Meek, enthusiastic, little Samuel James Wanous (rhymes with "on us"), 37, business-administration professor at U.C.L.A., calls himself "just another of those damned bureaucrat professors" and conducts classes under the firm impression that sooner or later one of his students will shy an inkwell at him. Dr. Wanous has good reason to be apprehensive. With his colleague, energetic Dr. William Francis Brown, 33, he lectures on such contentious subjects as the Wagner Act, the Wages and Hours Act, the economic weapons of labor and management, the causes of industrial unrest. His students: management executives and union officials from the Douglas Aircraft Co.'s Long Beach, Calif, plant.

The two U.C.L.A. professors, working in the U.S. Office of Education's War Training Program, were planning a public course in labor relations when union-shy Donald Douglas suggested that instead they start a class for administration personnel at the factory. Wanous and Brown agreed, called in WLB officials as additional faculty, and embarked on an 18-week course of weekly classes. Taking off in rough weather just after Douglas had lost an NLRB election to the C.I.O., with many of Douglas' supervisors strongly antiunion, Wanous and Brown's factual, informative discussions were so successful that the C.I.O. promptly asked for classes for its organizers, shop stewards and unit chairmen.

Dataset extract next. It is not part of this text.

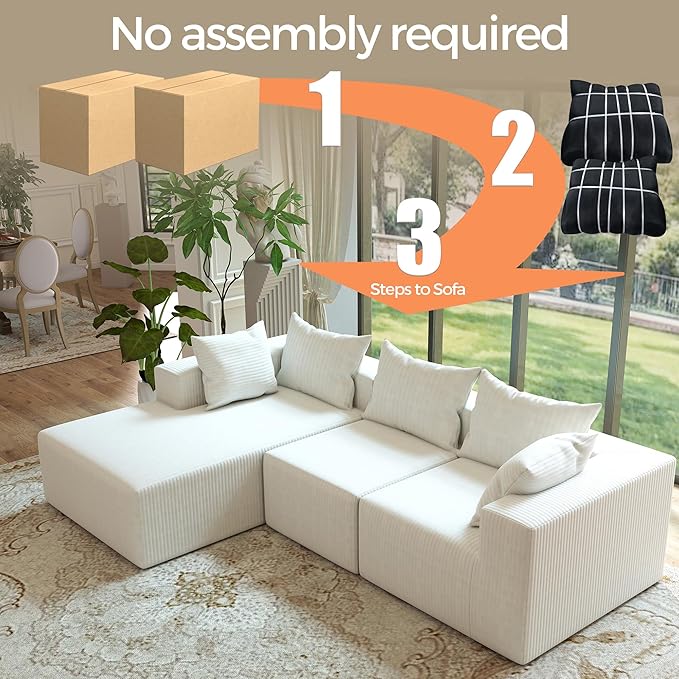 108Modern Sectional SofaModular Convertible L-Shape SofasUpholstered Couches with Deep SeatPet-Friendly Sponge Sofa for Living Room BedroomSofa bed for small space (Beige Left Facing Chaise)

This week the Wanous-Brown program passed its first anniversary. Not an inkwell had yet been thrown. The classes have spread to union hiring halls, high schools, other aircraft plants. Last week labor and management were still equally enthusiastic. Said O. G. Lompe, a Douglas jig builder and C.I.O. shop steward, "Sure, we like the class. They give us the straight facts. ..." Said Supervisor Robert Kennedy, in charge of building C-47s: "Yes sir, I learned a helluva lot." Said President Donald Douglas: "Most grievances grow from misunderstanding. When we learn how to analyze and understand the other fellow and his problems, most of our troubles and grievances will disappear."